Hey there, time traveller!
This article was published 31/8/2012 (1338 days ago), so information in it may no longer be current.
Facing heat from city council, seven senior City of Winnipeg administrators say there's no reason for politicians or the public to worry about the way they procured four new fire- paramedic stations.
Councillors have raised concerns about the $15.3-million construction of new halls in Sage Creek, River Heights, Charleswood and St. James. The questioning began 10 days ago after Shindico Realty briefly listed the old Station No. 12 for lease even though council has yet to declare the Grosvenor Avenue property surplus.
Then, Winnipeg Fire-Paramedic Chief Reid Douglas disclosed he had reached an agreement in principle with Shindico to swap the new No. 12 station -- built on Taylor Avenue land still owned by Shindico executives -- for the old Grosvenor property as well as the existing No. 11 station on Berry Street and a chunk of Fort Rouge land on Mulvey Avenue East.
Finally, the city belatedly posted a 2009 request for proposals to build the fire halls, which called for the successful bidder to be approved by council -- a move that did not transpire.
After questions piled up, the chief administrative officer, chief financial officer, fire-paramedic chief, solicitor, chief operations officer, property director and corporate-finance materials manager gathered on Friday to insist, once and for all, the city followed due process on the fire-paramedic station replacement project.
"There's nothing that's been done that's untoward," chief administrative officer Phil Sheegl told reporters, declaring this capital project no different than any other.
The proposed land swap allowed the city to avoid having to find additional money to purchase land for a new Station No. 12, said Sheegl.
He promised council will have a chance this fall to either approve the deal or pay Shindico $990,000 for the Taylor land. In a statement, Mayor Sam Katz said the swift completion of a report about the deal is a priority because "the citizens of Winnipeg need to be able to have confidence in city processes."
Council did not have to approve a contract to build the paramedic stations -- as stated in the request for proposals -- because the project was broken down into four components, one for each fire-paramedic station, Sheegl added.
That's because the original request for proposals was to design and build the stations, while in the end, each station wound up with different needs, Sheegl said. For example, new No. 27 station Sage Creek wound up being a straight construction project on land purchased from Qualico after a one-size-fits-all design was located in Ontario.
In the end, Shindico wound up receiving four separate contracts, of $3 million, $3.2 million, $3.2 million and $5.9 million.

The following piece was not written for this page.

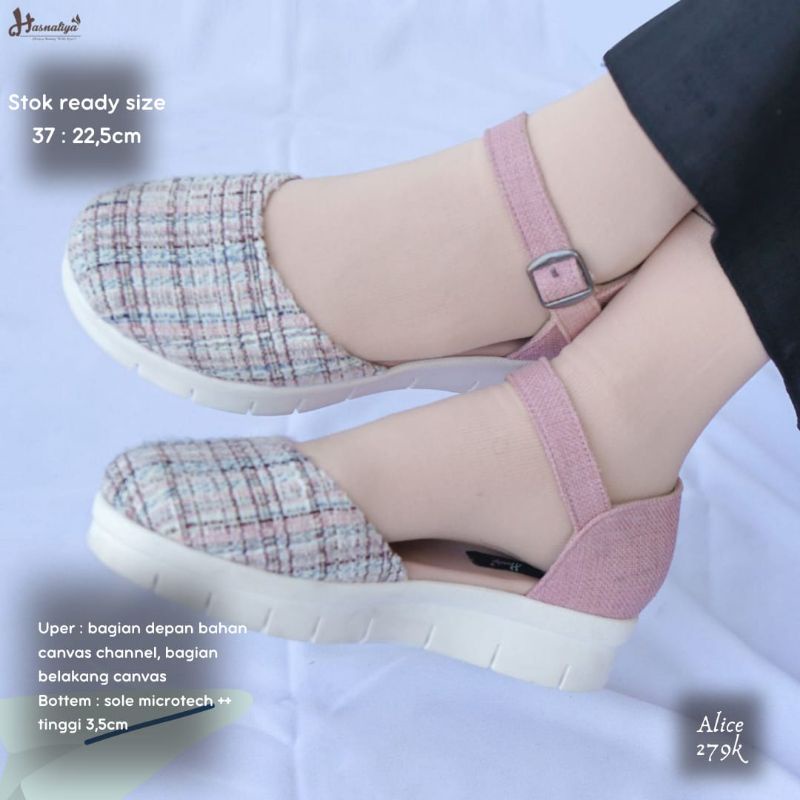 sepatu sandal Alice by hasnaliya outfit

The public service has the authority to approve any contract under $10 million, without council oversight, chief financial officer Mike Ruta said.
Sheegl also said there was no need for council approval once a budget was assigned to the project in July 2010, in a report that authorized $9.7 million of low-interest borrowing from Ottawa.
"I think we followed all the procedures and policies we have," the CAO said. "At the end of the day, this is a wonderful story. We have four new fire halls (and) our response times have improved in all those areas."
The reaction from councillors ranged from annoyance to contempt as some continue to complain about being left in the dark about the fire-paramedic upgrade. Normally, councillors are notified about changes to projects by capital budget documents, committee reports, memos or even verbal updates.
"I've known about parts of this verbally and I haven't seen a single piece of paper," seethed protection chairwoman Paula Havixbeck (Charleswood-Tuxedo).
"I don't know who within the bureaucracy is actually championing the project," added property chairman Jeff Browaty (North Kildonan). "If all the facts were clear, then this should have come out last week when the media started asking about it."
Fort Rouge Coun. Jenny Gerbasi said she remains unconvinced the project was handled properly. "I still believe there needs to be a full audit of this property transaction as well as others over the past few years," she said.